Exercise objective:
Using the data below, output a verbatim copy of the lines between the one holding "Detail of 18k" and the one holding "kitchen with tasteful", inclusive, without any pictures.

(Brief descriptive captions)
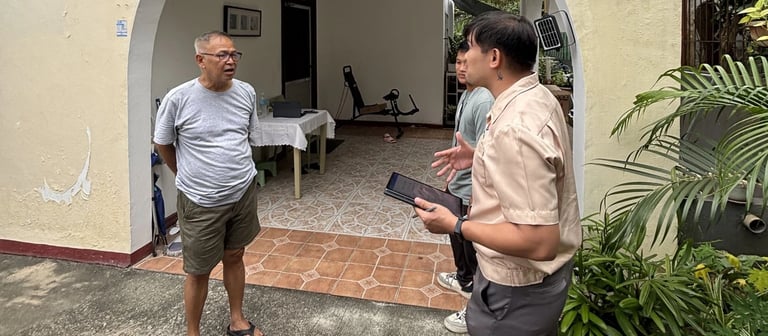 A real estate agent discusses a property with a client outside an arched house entrance.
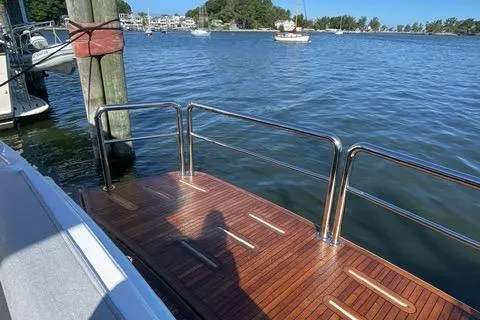  Yacht Photos Pics Luxury 2025 Riviera 585 SUV yacht deck with scenic waterfront view.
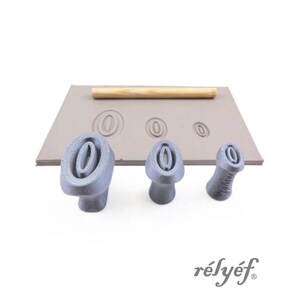 Könnte beinhalten: Ein Set grauer Tonstempel mit ovalem Design, zusammen mit einer Holzrolle und einer Tonplatte. Die Stempel sind in verschiedenen Größen und Formen. Das Wort "rélyéf" ist in grauer Schrift gedruckt.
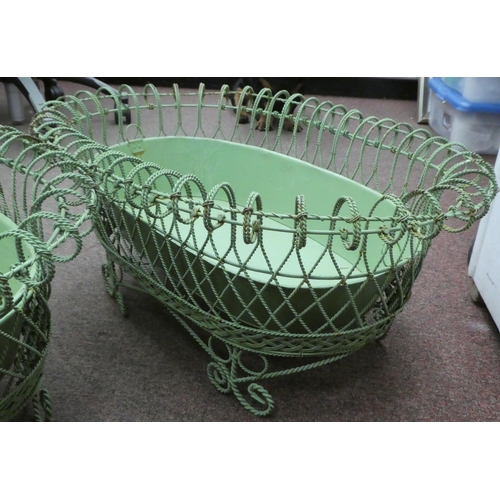 149 - A pair of vintage oval green wirework planters with tinplate liners, elevated on scrolled feet  26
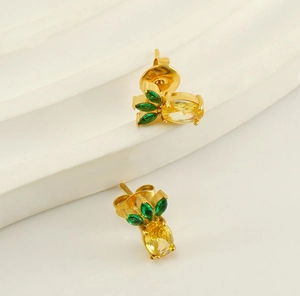 Detail of 18k gold plated pineapple stud earrings with yellow and green cubic zirconia
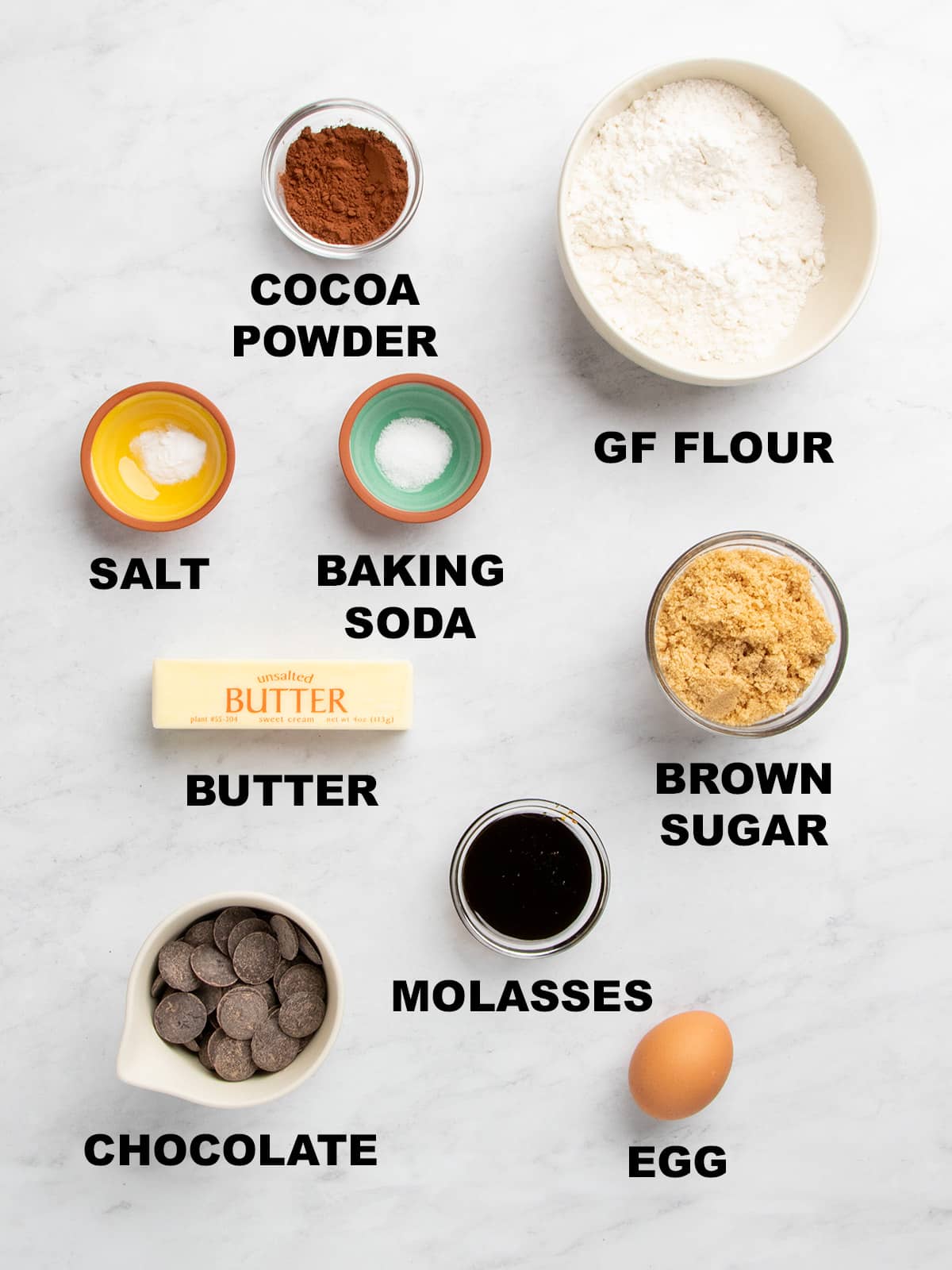 Bowls of cocoa powder, gluten free flour, salt, baking soda, brown sugar, chocolate pieces, molasses, butter, and an egg arranged on a marble surface with labels.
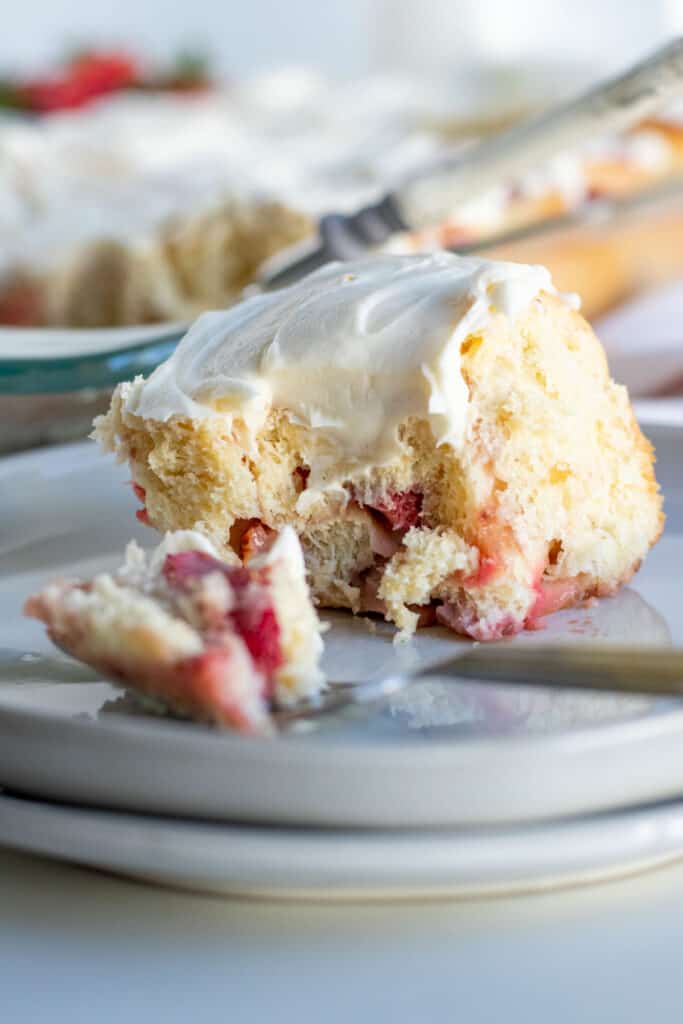 close up of a strawberry sweet roll with bite on fork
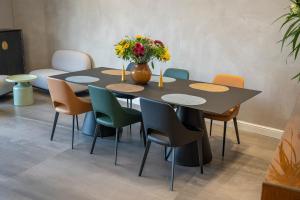 Area soggiorno di Hematian Hotel by Effy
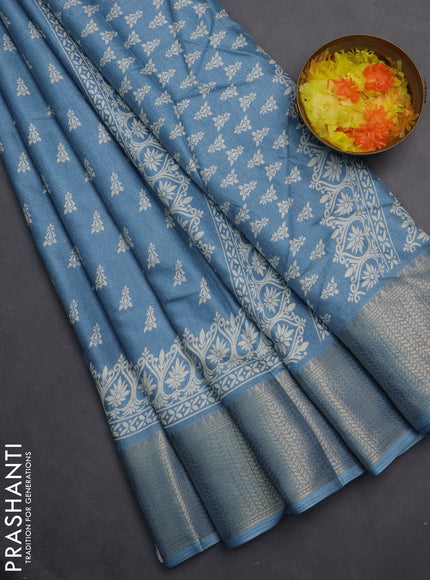 Semi dola saree blue shade with butta prints and zari woven border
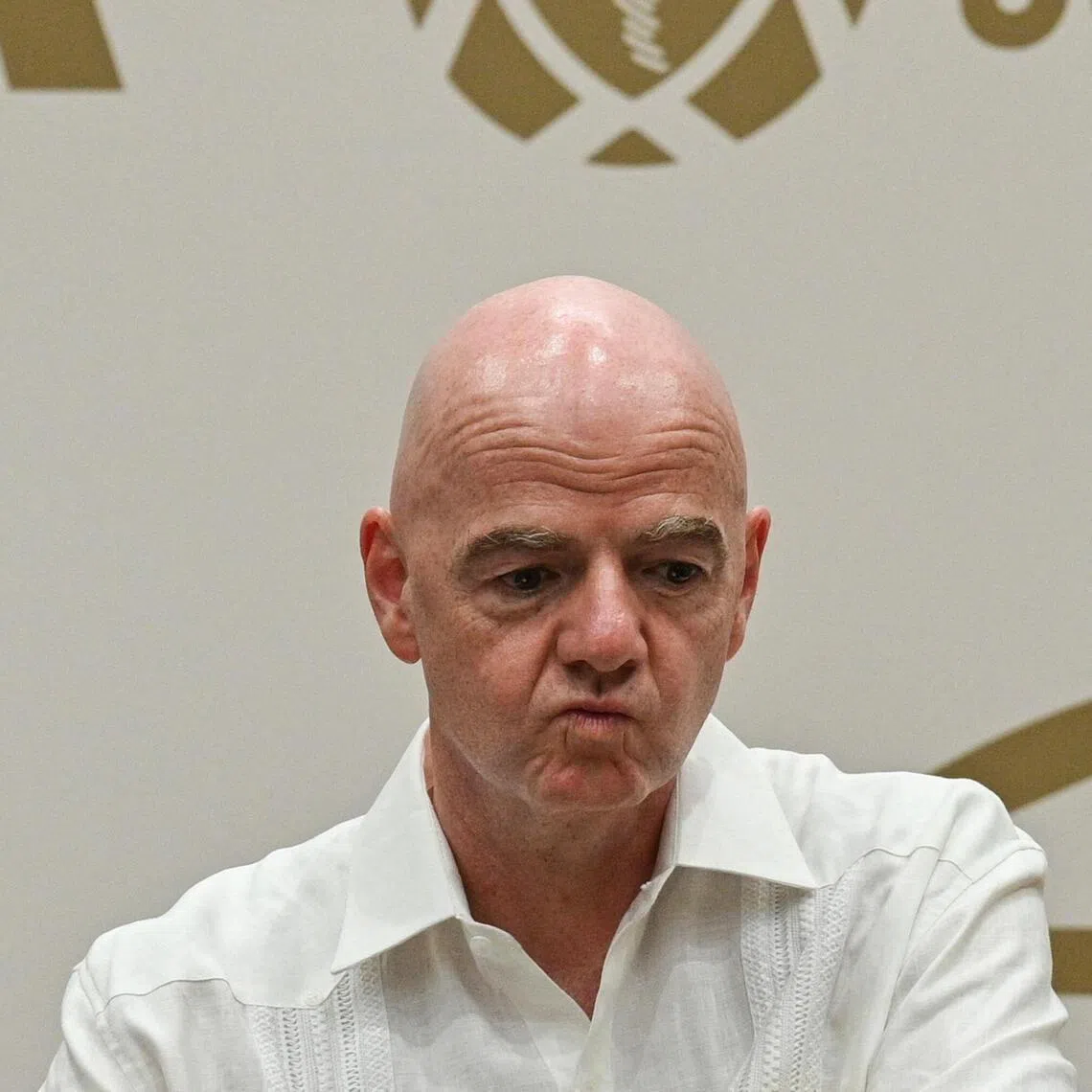 (FILES) FIFA President Gianni Infantino gestures during his visit to the new Concentration Hotel of the Colombian Football Federation in Barranquilla, Colombia, on February 24, 2026. FIFA president Gianni Infantino came under renewed fire on August 10, 2026 as a joint letter from three confederations -- UEFA, CONCACAF and AFC -- declared football "belongs to no individual". (Photo by David SALAZAR / AFP)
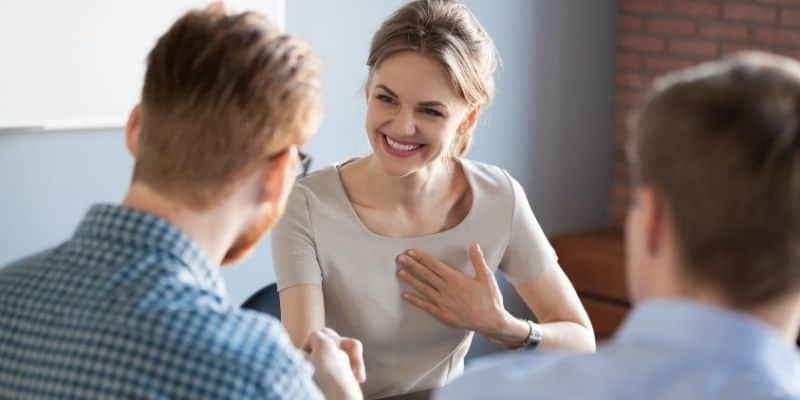 Woman smiling while talking to manager at work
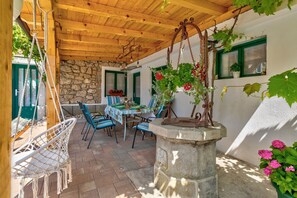 Relax in a serene outdoor space with a stone wall, wooden ceiling, and comfortable seating for two.
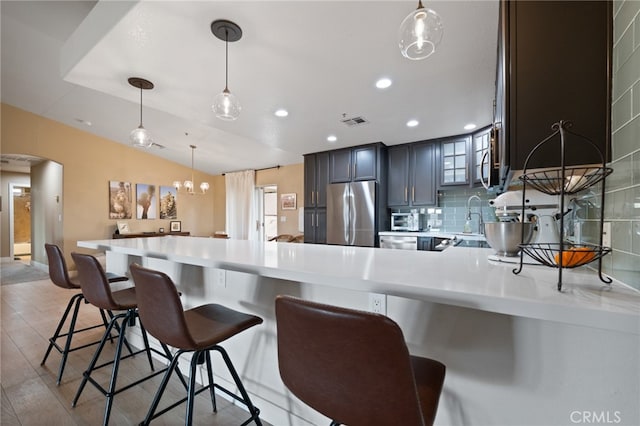 kitchen with tasteful backsplash, kitchen peninsula, hanging light fixtures, stainless steel appliances, and light hardwood / wood-style flooring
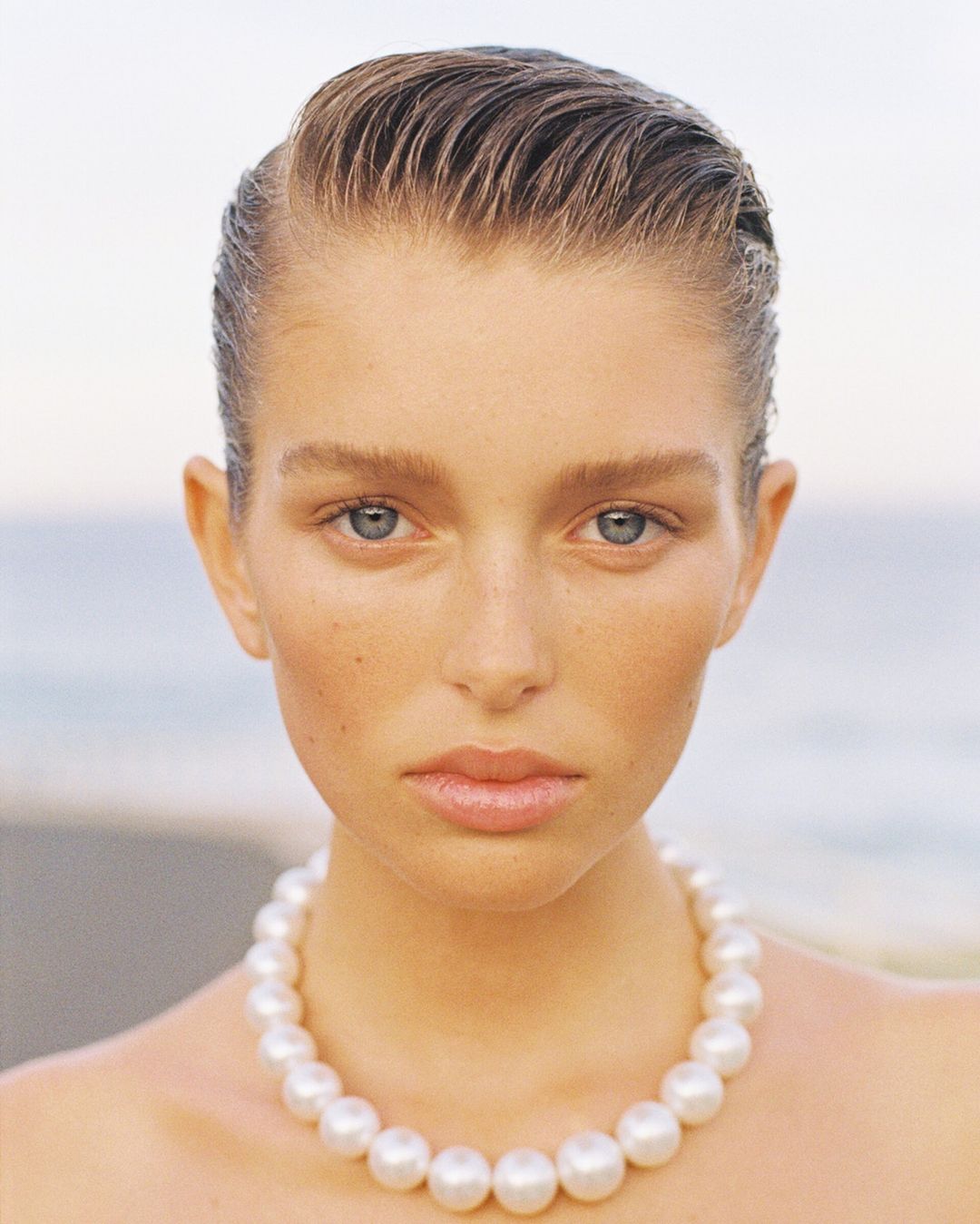 Close-up beauty portrait of a model with slicked-back wet look hair wearing a large pearl necklace against an outdoor coastal background.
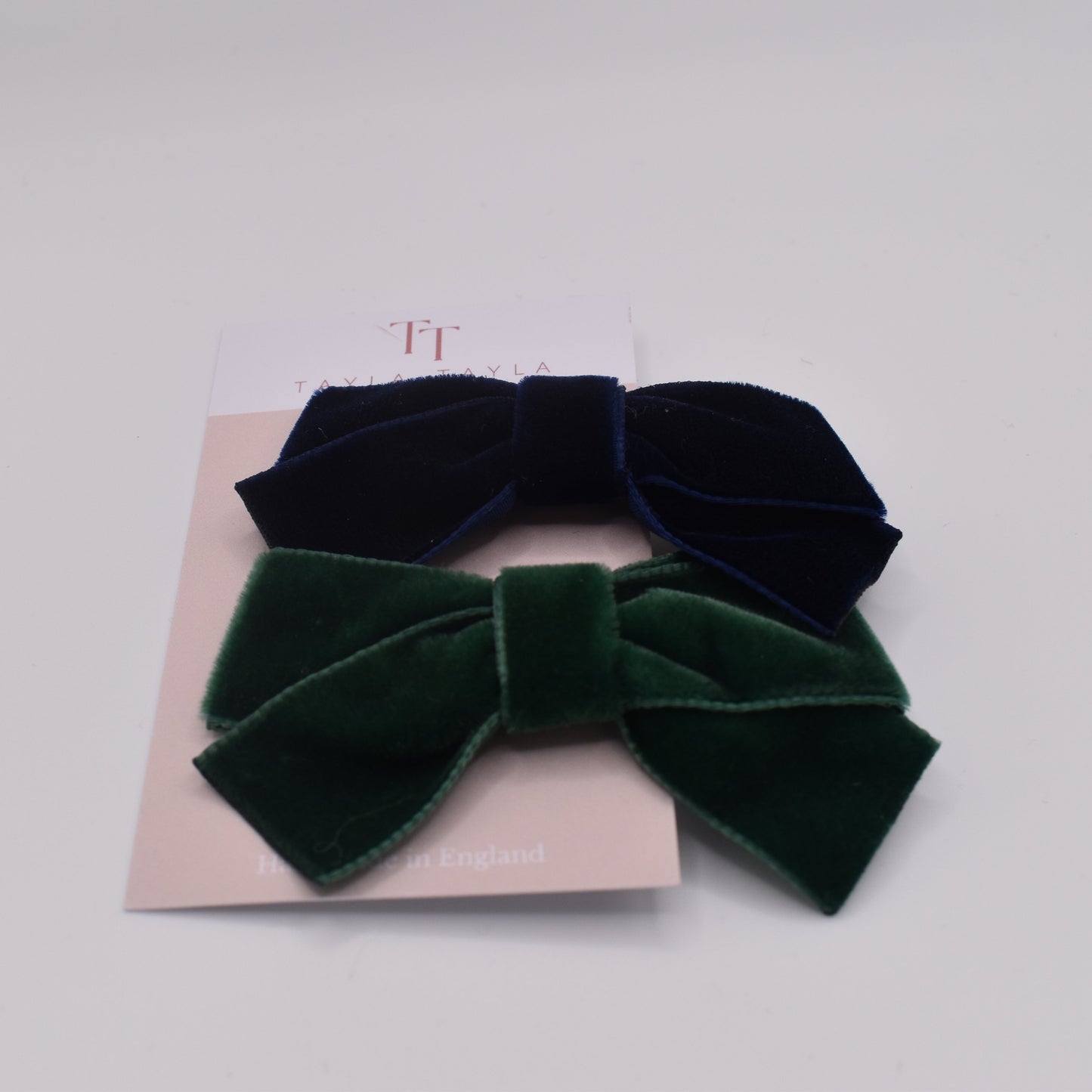 A pair of velvet hair bow clips for girls. One in navy and one in green. Front view. By Tayla Tayla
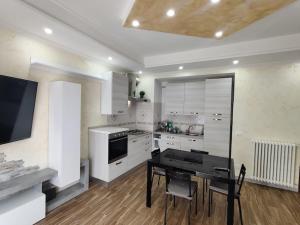 a kitchen with a table and a stove and a counter at Robert's Sweet Station House A in Anguillara Sabazia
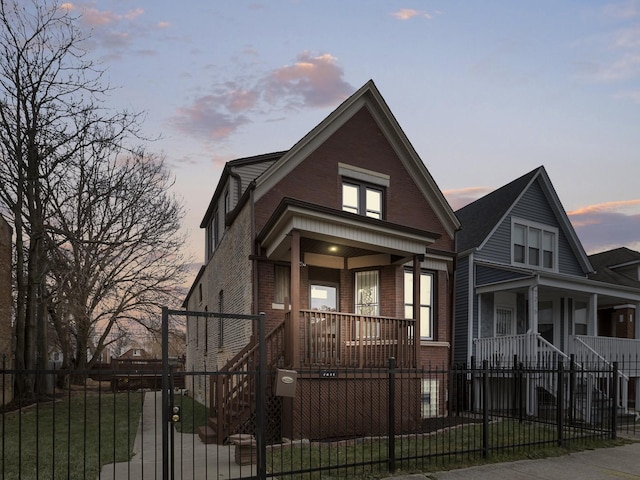 view of front of property featuring a lawn and covered porch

Result:
 Detail of 18k gold plated pineapple stud earrings with yellow and green cubic zirconia
 Bowls of cocoa powder, gluten free flour, salt, baking soda, brown sugar, chocolate pieces, molasses, butter, and an egg arranged on a marble surface with labels.
 close up of a strawberry sweet roll with bite on fork
 Area soggiorno di Hematian Hotel by Effy
 Semi dola saree blue shade with butta prints and zari woven border
 (FILES) FIFA President Gianni Infantino gestures during his visit to the new Concentration Hotel of the Colombian Football Federation in Barranquilla, Colombia, on February 24, 2026. FIFA president Gianni Infantino came under renewed fire on August 10, 2026 as a joint letter from three confederations -- UEFA, CONCACAF and AFC -- declared football "belongs to no individual". (Photo by David SALAZAR / AFP)
 Woman smiling while talking to manager at work
 Relax in a serene outdoor space with a stone wall, wooden ceiling, and comfortable seating for two.
 kitchen with tasteful backsplash, kitchen peninsula, hanging light fixtures, stainless steel appliances, and light hardwood / wood-style flooring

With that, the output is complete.